Having grown up in Manchester, he got to get back together with his family here. The next day at a working lunch, he captivated some 220 attendees interested in his linkage of K-12, higher education, and business and industry to develop talent.
There, he also found agreement, among a Who’s Who of Hartford leaders, that the only practical and permanent path to workforce development is deep partnerships with shared goals.
Mr. Merisotis, now leading the Lumina Foundation for Education based in Indianapolis, worked on the creation of Americorps and also for 30 years at the intersection of higher education, public policy, and philanthropy. At Achieve Hartford!’s “Hartford Needs Talent” event, sponsored by Lincoln Financial Group at the Downtown Marriott January 25th, he raised – and provoked – very good questions about the two million unfilled open jobs in America right now, of which two-thirds require some form of post-high school education.
Cross-sector investments in internships, transportation, and online opportunities for learners are just a few of the keys that could unlock a second, consecutive American Century.
But that will take real work. Here are some additional perspectives from CEO Merisotis:
- Talent is much more than innate ability.
- The five ways to get to a more talented society are:
Redesigning higher education to better serve today’s students;
- Unleashing private sector innovation to help meet education challenges;
- Redefining the public role, including such strategic moves as creating a U.S. Department of Talent;
- Re-imagining immigration so as to meet the nation’s talent needs; and
- Tapping into the tremendous potential of cities as “talent hubs”.
Elaborating, Mr. Merisotis spoke of talent hub cities that are very nice places to live, but advised that one city’s success at the expense of another will not solve America’s talent problem. Instead, where leaders work together to offer multiple pathways to success for all sorts of people, cities can serve as successful talent hubs, he recommended.

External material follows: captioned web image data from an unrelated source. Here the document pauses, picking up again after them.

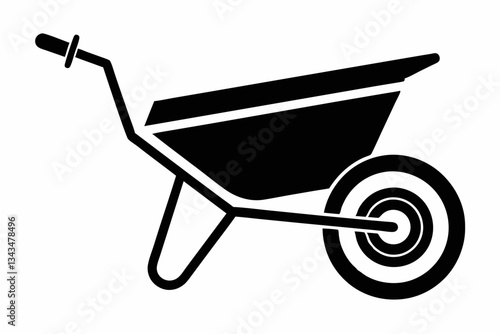 wheel barrow line art silhouette vector illustration
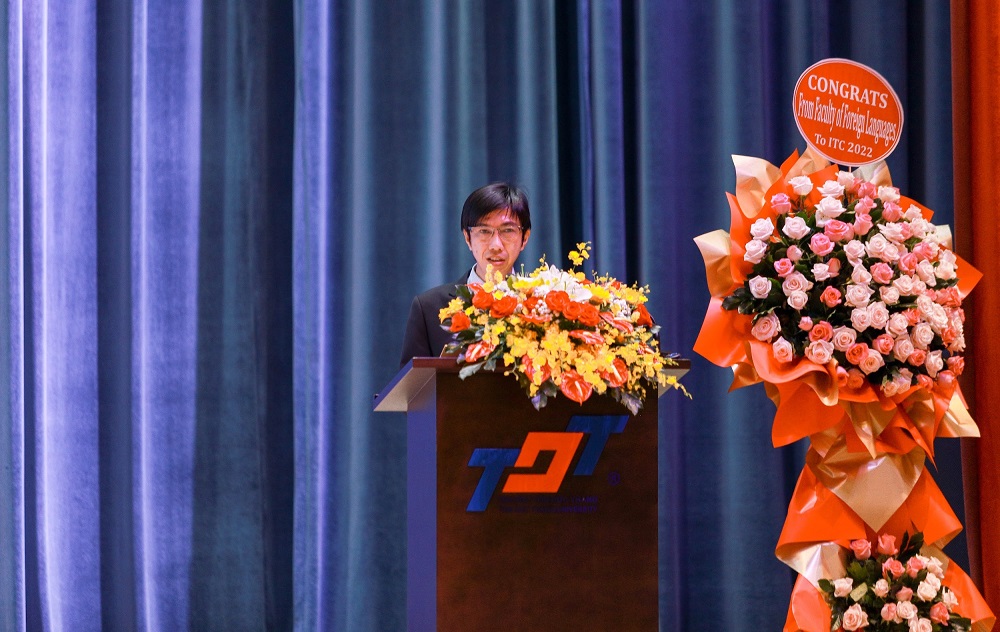 Dr. Vo Hoang Duy - the Vice President of TDTU giving a speech at the opening ceremony.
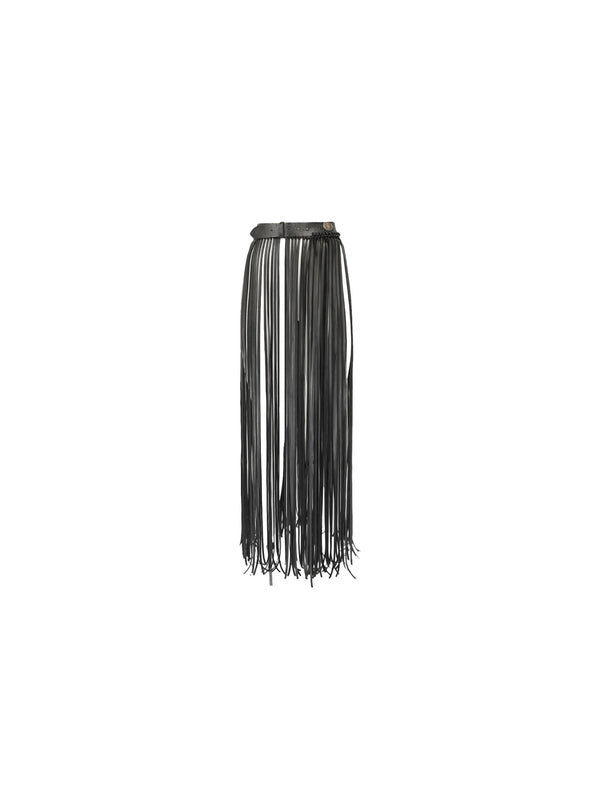 Cintura in pelle con frange lunghe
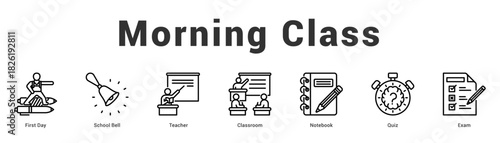 Morning Class Modern and clean web banner illustration featuring thematic icons for visual communication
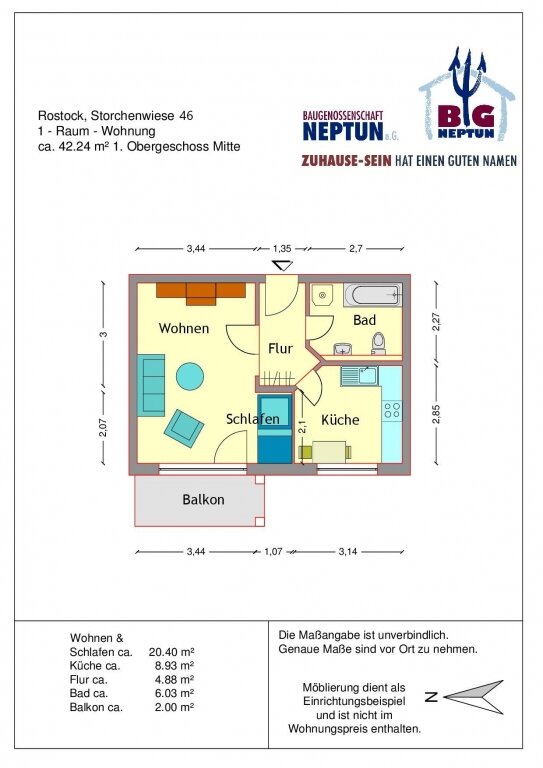 Wohnung zur Miete 351 € 1 Zimmer 41,3 m²<br/>Wohnfläche 1.<br/>Geschoss 01.01.2025<br/>Verfügbarkeit Storchenwiese 46 Rethwisch Rethwisch 18211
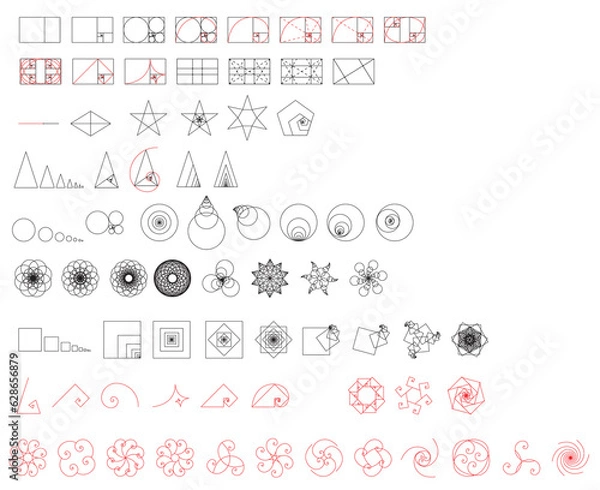 Fototapeta Big Golden ratio elements set - visualization of Fibonacci Sequence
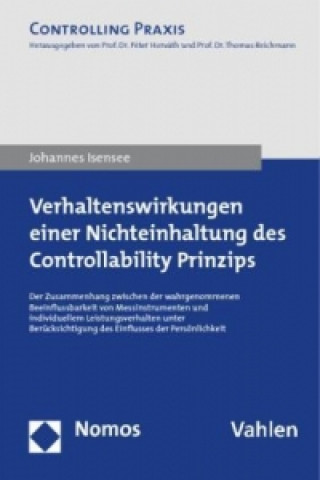 Kniha Verhaltenswirkungen einer Nichteinhaltung des Controllability Prinzips Johannes Isensee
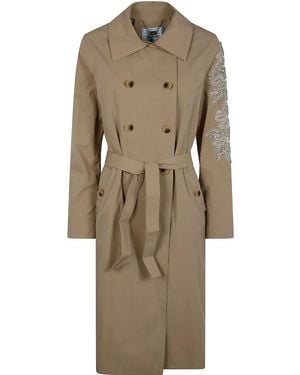 Blugirl Blumarine Floral-Appliqué Trench Coat - Natural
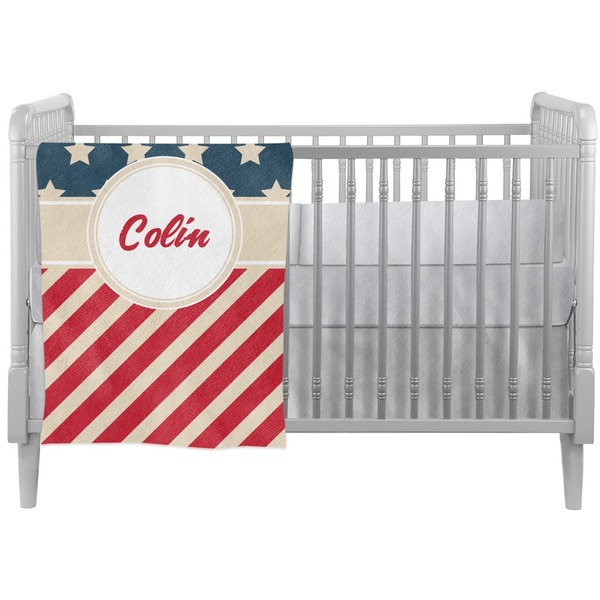 Custom Stars and Stripes Crib Comforter / Quilt (Personalized)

Here is a Washington Monthly article on his points of emphasis.
In his remarks, Mayor Luke Bronin echoed the fact that there are far more unfilled positions regionally than those served in workforce readiness programs. “Not to be contrary,” he said, reiterating his call for a local Youth Service Corps visible in neighborhoods, “but Hartford’s got talent – we need to get a lot better at connecting that talent.”
Hartford could move the needle – and quickly – if every sincere stakeholder were activated in supporting internships and job training.
After the mayor and CEO Merisotis laid out the challenges, Hartford Promise Executive Director Richard Sugarman moderated a discussion with four panelists: Hartford Consortium for Higher Education Executive Director Dr. Martin Estey, Hartford School Superintendent Dr. Beth Schiavino-Narvaez, Capital Workforce Partners CEO Tom Phillips, and Filomena and Company Principal George Thomson. A poignant plea came from Mr. Thomson: “We simply can’t find people. Not being able to find young people holds us back.” He meant not just his firm, but regional manufacturers, too, he added.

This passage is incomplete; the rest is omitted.